A new year brings opportunities — and challenges — for self-improvement.
told by Deborah
Then I saw a new heaven and a new earth; for the first heaven and the first earth had passed away, and the sea was no more. And I saw the holy city, the new Jerusalem, descending from the sky from God, as beautiful as a bride on her wedding day. And I heard a loud voice from the throne, “Look! God’s house is with human beings. He will dwell with them as their God; they will be his people, and God will abide with them; he will remove every sorrow from their lives. Death will be no more; mourning and crying and pain will be no more, for the first things have passed away.” And the one who sat on the throne said, “Look! I make all things new.” He also said, “Write! For these words are trustworthy and true.”
My New Year’s resolution is going to be to pray the Lord’s Prayer more often; specifically this part:
Lead us not into temptation,
because I’m telling you, I need it to be answered. Daily. Sometimes hourly. Wherever I look, whatever I do, temptations abound — and so many of them are darned hard to resist.
I’m not talking about the abundant enticements that appear this time of year; those ads for health clubs, nutrition supplements, diet programs, exercise equipment, etc., etc. etc., with their veiled promises of health, beauty, and immortality. Although they do, in a curious way, apply to my situation.
My major temptation — the issue I struggle to resist — is the delight of criticizing and scorning my enemies. And of wishing them ill. Don’t be misled: this isn’t because I’m a wonderful person who yearns to be a saintly soul — it’s almost entirely an issue of self-preservation.

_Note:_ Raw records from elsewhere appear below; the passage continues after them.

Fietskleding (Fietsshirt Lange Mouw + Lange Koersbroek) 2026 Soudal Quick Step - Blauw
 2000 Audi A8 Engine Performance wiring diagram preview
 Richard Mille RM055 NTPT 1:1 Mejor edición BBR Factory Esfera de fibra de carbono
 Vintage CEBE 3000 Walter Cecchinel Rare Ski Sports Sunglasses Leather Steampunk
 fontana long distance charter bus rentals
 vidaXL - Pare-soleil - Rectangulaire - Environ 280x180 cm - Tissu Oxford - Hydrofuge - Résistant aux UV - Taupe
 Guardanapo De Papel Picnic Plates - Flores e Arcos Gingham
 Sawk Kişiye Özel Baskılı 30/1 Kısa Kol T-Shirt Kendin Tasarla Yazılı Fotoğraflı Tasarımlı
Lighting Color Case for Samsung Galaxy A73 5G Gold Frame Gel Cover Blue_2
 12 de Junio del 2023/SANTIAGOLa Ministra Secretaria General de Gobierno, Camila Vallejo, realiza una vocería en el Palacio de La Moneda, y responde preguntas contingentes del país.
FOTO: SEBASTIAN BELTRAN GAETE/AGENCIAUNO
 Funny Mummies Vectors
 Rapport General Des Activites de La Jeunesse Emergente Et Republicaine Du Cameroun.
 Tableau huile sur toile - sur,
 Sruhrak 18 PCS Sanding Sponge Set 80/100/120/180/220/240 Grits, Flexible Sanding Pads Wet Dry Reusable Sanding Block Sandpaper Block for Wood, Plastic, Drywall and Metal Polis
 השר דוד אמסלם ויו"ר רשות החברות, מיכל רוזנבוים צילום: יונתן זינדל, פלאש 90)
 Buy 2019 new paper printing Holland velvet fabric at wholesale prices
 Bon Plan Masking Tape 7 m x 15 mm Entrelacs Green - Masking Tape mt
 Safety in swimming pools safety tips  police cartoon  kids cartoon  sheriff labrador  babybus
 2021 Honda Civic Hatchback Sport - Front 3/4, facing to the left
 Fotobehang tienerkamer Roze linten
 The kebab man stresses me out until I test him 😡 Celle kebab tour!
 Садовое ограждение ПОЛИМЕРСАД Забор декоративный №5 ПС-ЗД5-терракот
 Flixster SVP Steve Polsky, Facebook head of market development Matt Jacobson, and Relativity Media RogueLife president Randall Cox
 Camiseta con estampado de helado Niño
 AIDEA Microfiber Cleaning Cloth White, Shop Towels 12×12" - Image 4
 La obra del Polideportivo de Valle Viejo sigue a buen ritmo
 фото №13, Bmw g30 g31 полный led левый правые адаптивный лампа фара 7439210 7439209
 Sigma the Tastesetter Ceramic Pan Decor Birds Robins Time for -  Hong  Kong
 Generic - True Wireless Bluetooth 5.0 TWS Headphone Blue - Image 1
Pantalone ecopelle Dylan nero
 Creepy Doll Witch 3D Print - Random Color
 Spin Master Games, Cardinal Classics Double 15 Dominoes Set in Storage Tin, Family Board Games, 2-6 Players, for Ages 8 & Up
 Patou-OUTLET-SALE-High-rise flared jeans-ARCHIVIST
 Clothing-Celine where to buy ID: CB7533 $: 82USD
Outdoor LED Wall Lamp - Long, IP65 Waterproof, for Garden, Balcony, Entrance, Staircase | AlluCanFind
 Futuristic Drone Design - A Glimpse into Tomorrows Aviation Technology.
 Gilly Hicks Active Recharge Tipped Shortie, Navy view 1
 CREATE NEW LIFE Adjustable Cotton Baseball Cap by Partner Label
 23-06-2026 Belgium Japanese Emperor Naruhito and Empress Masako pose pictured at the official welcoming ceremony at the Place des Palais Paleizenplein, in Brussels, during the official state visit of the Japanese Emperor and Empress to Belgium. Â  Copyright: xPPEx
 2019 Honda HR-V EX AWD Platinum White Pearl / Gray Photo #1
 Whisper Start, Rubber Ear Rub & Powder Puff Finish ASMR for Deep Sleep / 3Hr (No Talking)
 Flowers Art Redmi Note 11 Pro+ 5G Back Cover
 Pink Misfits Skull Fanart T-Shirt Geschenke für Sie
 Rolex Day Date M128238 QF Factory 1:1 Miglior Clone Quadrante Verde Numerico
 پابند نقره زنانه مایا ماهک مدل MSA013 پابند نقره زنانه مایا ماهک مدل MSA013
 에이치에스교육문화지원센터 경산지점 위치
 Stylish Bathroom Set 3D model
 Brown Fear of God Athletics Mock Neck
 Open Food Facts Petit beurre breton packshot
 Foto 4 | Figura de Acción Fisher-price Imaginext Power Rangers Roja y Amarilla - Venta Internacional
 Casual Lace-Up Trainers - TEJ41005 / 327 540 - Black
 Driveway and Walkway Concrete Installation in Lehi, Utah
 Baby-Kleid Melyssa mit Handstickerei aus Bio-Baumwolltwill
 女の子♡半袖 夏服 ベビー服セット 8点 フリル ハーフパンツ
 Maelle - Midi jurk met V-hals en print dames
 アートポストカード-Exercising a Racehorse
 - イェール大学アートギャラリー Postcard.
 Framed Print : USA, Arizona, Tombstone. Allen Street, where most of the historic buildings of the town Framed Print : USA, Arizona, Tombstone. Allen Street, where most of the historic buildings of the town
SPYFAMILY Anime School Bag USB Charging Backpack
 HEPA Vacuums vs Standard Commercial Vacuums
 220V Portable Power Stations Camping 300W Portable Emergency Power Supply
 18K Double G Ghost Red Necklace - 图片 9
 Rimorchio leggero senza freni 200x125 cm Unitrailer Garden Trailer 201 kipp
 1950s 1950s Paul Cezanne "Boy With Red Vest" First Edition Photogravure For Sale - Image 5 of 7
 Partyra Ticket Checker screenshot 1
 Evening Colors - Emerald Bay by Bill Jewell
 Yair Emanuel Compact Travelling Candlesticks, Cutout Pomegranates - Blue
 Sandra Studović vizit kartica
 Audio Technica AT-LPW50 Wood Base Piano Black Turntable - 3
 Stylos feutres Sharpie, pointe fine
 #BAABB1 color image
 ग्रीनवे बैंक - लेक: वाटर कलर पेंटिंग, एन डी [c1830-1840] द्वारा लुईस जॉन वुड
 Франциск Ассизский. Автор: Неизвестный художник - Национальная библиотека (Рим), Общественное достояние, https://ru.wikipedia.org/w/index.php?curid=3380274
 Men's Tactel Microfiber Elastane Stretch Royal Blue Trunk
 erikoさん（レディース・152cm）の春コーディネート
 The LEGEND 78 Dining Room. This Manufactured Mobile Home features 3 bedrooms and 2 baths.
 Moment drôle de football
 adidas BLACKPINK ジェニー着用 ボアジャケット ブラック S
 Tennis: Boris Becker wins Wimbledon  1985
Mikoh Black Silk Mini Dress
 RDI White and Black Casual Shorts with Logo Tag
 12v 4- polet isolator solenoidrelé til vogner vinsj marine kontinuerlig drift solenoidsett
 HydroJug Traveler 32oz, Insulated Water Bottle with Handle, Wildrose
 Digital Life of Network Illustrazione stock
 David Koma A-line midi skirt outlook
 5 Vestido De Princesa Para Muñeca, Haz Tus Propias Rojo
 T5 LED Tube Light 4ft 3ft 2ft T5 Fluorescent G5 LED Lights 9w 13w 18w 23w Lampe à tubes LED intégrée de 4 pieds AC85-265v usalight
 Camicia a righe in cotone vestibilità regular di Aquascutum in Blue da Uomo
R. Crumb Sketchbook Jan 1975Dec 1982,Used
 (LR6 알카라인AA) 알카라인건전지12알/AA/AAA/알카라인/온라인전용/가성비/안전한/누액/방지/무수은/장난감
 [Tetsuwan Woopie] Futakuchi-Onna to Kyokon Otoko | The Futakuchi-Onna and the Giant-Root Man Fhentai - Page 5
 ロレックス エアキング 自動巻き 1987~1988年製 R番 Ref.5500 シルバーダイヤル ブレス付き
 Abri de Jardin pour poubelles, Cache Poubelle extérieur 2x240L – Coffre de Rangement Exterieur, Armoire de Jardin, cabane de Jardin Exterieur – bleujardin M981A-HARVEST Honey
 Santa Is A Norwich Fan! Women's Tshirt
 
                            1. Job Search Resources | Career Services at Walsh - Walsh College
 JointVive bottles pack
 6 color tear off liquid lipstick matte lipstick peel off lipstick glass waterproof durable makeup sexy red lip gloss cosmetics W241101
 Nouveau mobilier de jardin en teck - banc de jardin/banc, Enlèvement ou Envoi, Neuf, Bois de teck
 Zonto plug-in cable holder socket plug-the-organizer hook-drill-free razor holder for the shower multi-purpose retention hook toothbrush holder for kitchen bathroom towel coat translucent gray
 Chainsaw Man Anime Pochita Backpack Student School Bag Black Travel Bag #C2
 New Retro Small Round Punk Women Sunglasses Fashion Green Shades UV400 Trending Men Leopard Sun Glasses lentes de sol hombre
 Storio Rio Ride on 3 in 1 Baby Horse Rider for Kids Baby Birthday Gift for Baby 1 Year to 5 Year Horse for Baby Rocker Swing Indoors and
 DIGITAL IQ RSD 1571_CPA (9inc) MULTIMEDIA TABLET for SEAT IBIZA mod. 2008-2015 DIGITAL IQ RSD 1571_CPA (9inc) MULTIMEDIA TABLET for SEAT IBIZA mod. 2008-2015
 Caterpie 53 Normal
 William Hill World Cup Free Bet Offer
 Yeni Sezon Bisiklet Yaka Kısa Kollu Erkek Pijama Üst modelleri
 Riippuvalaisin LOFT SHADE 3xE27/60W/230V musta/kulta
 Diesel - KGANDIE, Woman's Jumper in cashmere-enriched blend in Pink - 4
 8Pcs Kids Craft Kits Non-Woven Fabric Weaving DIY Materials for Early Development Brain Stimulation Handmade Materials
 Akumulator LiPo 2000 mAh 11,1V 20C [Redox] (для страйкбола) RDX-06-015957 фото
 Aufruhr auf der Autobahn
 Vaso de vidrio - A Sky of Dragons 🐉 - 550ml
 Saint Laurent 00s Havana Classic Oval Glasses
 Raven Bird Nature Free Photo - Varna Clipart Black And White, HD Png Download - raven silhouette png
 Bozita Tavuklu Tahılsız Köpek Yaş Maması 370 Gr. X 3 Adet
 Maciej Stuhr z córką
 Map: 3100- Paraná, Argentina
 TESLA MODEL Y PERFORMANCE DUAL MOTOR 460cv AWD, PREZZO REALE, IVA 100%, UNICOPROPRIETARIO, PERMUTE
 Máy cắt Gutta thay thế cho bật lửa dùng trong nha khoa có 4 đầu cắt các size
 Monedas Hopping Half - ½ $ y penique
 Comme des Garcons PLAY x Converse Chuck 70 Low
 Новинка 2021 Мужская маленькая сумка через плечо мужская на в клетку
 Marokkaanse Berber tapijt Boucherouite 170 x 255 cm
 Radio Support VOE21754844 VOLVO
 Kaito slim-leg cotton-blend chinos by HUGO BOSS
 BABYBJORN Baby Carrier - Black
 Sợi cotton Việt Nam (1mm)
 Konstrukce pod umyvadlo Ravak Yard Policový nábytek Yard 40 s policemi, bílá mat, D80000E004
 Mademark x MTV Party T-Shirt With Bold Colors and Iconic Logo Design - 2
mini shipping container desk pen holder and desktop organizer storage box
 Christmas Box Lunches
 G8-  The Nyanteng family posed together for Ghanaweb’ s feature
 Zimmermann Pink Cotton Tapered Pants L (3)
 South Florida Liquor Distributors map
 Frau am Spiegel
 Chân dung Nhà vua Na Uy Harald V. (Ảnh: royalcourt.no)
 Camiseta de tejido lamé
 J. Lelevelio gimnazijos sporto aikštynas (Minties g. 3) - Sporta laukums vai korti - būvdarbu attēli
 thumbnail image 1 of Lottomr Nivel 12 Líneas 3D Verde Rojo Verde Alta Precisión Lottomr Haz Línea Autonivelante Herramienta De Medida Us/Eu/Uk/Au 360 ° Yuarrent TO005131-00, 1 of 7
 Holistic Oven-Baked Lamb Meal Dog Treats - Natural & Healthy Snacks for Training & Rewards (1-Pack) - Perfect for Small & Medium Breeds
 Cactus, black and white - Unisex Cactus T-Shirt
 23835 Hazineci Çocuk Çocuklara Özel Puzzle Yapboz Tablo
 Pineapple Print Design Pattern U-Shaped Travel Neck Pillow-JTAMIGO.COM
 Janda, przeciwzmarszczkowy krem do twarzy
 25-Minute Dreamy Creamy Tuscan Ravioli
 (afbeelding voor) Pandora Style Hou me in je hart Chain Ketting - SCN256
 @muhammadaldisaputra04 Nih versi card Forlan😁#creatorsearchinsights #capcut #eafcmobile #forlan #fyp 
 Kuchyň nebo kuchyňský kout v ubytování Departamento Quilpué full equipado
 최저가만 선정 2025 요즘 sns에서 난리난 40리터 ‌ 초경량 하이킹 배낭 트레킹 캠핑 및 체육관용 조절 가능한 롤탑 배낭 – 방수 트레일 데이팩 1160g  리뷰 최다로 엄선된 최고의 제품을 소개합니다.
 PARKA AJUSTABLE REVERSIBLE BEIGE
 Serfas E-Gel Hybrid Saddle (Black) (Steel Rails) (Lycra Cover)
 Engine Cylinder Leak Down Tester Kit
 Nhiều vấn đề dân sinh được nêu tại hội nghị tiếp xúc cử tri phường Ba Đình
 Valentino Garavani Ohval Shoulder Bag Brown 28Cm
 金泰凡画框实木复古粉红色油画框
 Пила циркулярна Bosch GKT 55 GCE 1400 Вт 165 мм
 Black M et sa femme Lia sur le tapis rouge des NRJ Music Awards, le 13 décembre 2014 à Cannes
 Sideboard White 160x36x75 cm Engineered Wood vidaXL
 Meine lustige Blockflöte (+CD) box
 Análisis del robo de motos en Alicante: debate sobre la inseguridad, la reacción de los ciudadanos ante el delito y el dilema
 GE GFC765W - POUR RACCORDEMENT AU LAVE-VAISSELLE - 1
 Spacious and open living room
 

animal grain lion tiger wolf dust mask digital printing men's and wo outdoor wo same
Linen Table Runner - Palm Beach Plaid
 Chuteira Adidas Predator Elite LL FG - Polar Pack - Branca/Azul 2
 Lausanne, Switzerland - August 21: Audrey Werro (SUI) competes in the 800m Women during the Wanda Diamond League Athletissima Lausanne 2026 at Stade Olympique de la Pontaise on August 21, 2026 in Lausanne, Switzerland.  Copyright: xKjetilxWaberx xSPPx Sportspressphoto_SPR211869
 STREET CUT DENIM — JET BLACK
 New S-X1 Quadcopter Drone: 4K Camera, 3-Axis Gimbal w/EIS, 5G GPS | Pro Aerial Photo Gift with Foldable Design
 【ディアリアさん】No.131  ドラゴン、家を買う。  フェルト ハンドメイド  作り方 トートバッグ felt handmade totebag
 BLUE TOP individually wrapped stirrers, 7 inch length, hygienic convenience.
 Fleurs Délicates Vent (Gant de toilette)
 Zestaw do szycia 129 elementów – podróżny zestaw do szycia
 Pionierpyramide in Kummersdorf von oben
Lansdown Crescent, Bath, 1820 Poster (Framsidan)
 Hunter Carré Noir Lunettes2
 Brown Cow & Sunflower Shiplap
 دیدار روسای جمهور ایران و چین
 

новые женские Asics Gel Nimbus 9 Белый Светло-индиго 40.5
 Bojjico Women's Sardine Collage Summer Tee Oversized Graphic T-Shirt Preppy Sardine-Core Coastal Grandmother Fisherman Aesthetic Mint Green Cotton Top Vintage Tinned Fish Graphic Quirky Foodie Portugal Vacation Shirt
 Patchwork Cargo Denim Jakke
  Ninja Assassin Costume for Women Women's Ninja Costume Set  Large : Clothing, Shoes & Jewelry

Perhaps because it is so prevalent in our society, or because I’ve been blessed with the company of extremely passionate people, I’ve seen a lot of soul-sickness of late; a sickness so profound and deep that it has affected these folks’ bodily health, as well.
In no way is this to “blame the victim;” illnesses occur, accidents happen, energy and strength fails, often without rhyme or reason. But our outlook and our attitude can influence the way we live — whatever our station in life. I’ve known critically ill, terminal patients who exude radiant joy, full of life in the midst of their dying. And I’ve known people in good health who are pits of putrefaction and decay, filled with hatred and ugliness: the real “living dead.”
I want to be a light-bearer, to live in joy and gladness — not a carrier of malevolence, infected with loathing, scorn, and resentment: a hideous creature of sin.
Which brings us back to the New Year commercials. Just as they promise, I want to be healthy, lovely (at least on the inside!), and filled with life. I want to begin the new year with a new, improved me.
The tricky bit with this “new, improved” business is how hard it is. All of us who have ever attempted a reformed, revised habit or behavior can testify to that!
If everybody else jumped off a cliff, would you jump, too?
~ classic parent question
Unfortunately, the most honest response is: “Probably.”
We are creatures of conformity: we want to be one of the gang, to fit in, to have friends, to relate to others — and, generally, that’s all to the good. Human beings need one another, we are happier and healthier in community — IF the community is a healthy one. And that little word: “if” is the big part of the equation.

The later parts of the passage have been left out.